Throughout her life, Garbo was known for taking long, daily walks with companions or by herself. She walked the streets of New York City dressed casually and wearing large sunglasses. "Garbo-watching" became a sport for photographers, the media, admirers, and curious New Yorkers, but she maintained her elusive mystique to the end.
Sunday, December 25, 2011
Greta Garbo-Honors, Awards, and Nominations
Garbo was nominated four times for an Academy Award for Best Actress, including twice in 1930, for “Anna Christie” and “Romance”. She lost out to Irving Thalberg's wife, Norma Shearer, who won for “The Divorcee”. In 1937, Garbo was nominated for “Camille”, but Luise Rainer won for “The Good Earth”. In 1939, Garbo was nominated for “Ninotchka”, but again came away empty-handed. “Gone With the Wind”
swept the major awards, including Best Actress, which went to Vivien Leigh.
Garbo was awarded an Academy Honorary Award "for her unforgettable screen performances" in 1954. She did not show up at the ceremony, and the statuette was mailed to her home address.
Garbo twice received the New York Film Critics Circle Award for Best Actress for “Anna Karenina”, and “Camille”.
Garbo won the National Board of Review for Best Acting Award for “Camille”, “Ninotchka”, and “Two-Faced Woman”.
The Swedish royal medal, Litteris et Artibus, awarded to people who have made important contributions to culture, especially music, dramatic art or literature, was presented to Garbo in January 1937.
In a 1950, Daily Variety opinion poll, Garbo was voted Best Actress of the Half Century.
In November 1983, Garbo was made a Commander of the Swedish Order of the Polar Star by order of King Carl XVI Gustaf of Sweden.
In 1999, the American Film Institute ranked Garbo fifth on their list of greatest female stars of all time after Katharine Hepburn, Bette Davis, Audrey Hepburn, and Ingrid Bergman.
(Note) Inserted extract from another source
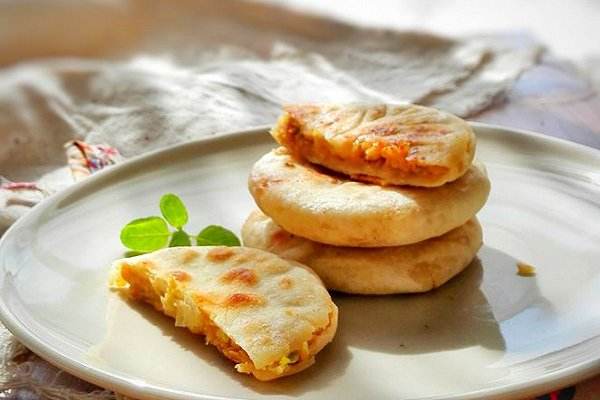 餡餅加盟店10大品牌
For her contributions to cinema, she has a star on the Hollywood Walk of Fame.
Garbo was once designated the most beautiful woman who ever lived by the Guinness Book of World Records.
In September 2005, the United States Postal Service and Swedish Posten jointly issued two commemorative stamps bearing her image.
On 6 April 2011, the Bank of Sweden announced that Garbo's portrait will be featured on the 100 krona banknote, beginning in 2014–15.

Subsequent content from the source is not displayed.